(Captioned web image data)
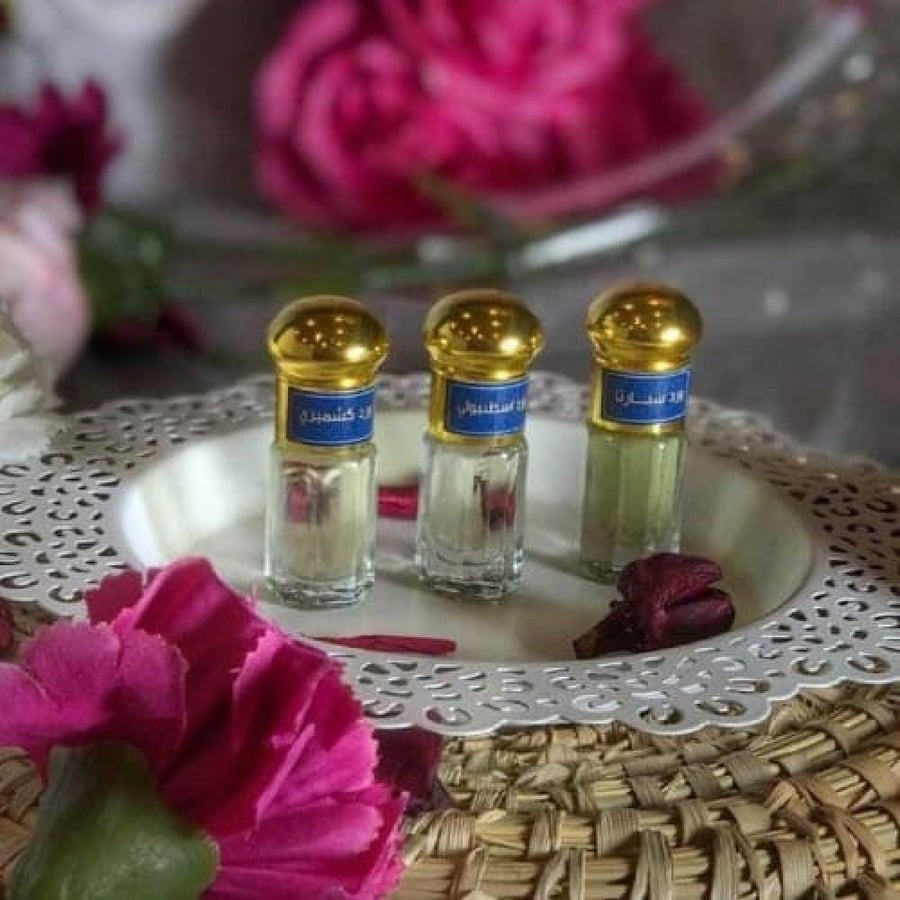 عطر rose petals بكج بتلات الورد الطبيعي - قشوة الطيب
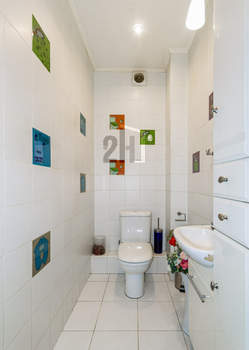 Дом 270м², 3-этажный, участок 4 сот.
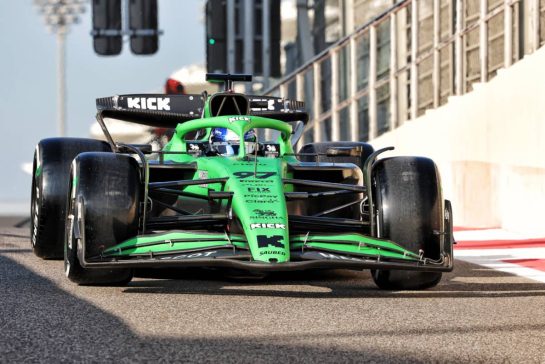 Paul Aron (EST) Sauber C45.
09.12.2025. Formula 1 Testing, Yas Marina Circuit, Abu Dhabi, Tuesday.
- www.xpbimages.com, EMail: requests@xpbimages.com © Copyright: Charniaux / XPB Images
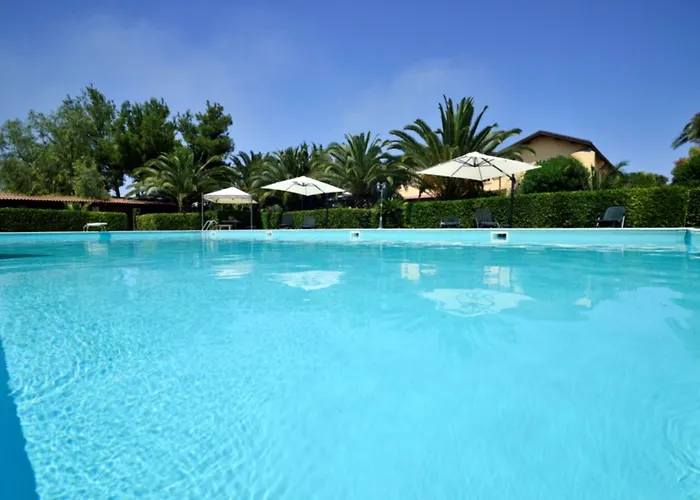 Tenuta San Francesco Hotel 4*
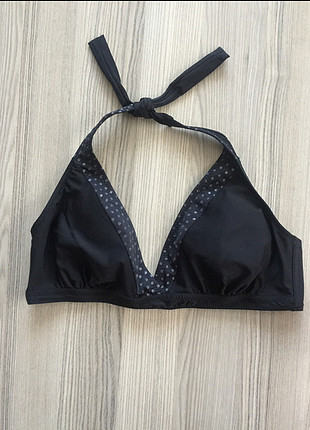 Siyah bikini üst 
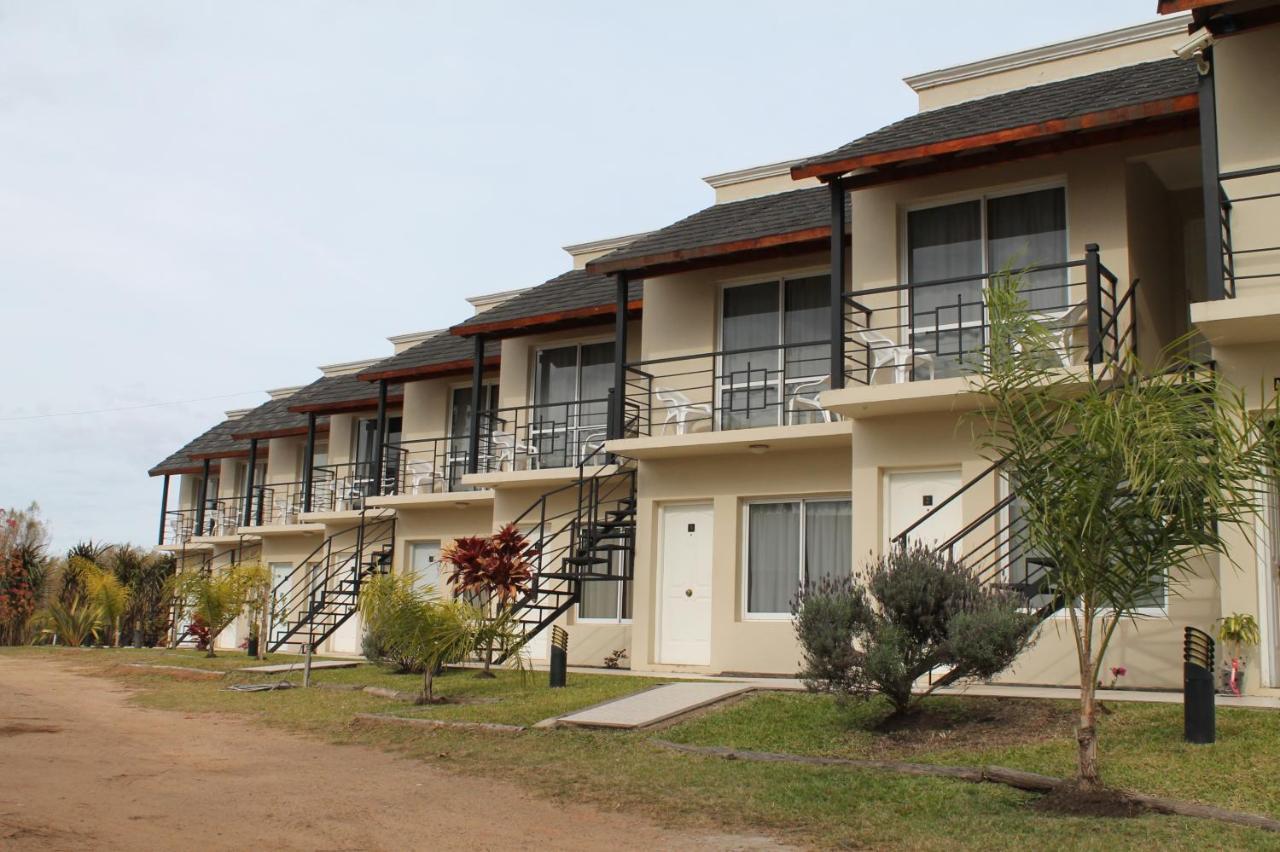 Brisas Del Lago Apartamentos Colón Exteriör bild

## WHAT YOU NEED TO DO
Without the pictures, restate all the entries above exactly.

## TASK ANSWER
 عطر rose petals بكج بتلات الورد الطبيعي - قشوة الطيب
 Дом 270м², 3-этажный, участок 4 сот.
 Paul Aron (EST) Sauber C45.
09.12.2025. Formula 1 Testing, Yas Marina Circuit, Abu Dhabi, Tuesday.
- www.xpbimages.com, EMail: requests@xpbimages.com © Copyright: Charniaux / XPB Images
 Tenuta San Francesco Hotel 4*
 Siyah bikini üst 
 Brisas Del Lago Apartamentos Colón Exteriör bild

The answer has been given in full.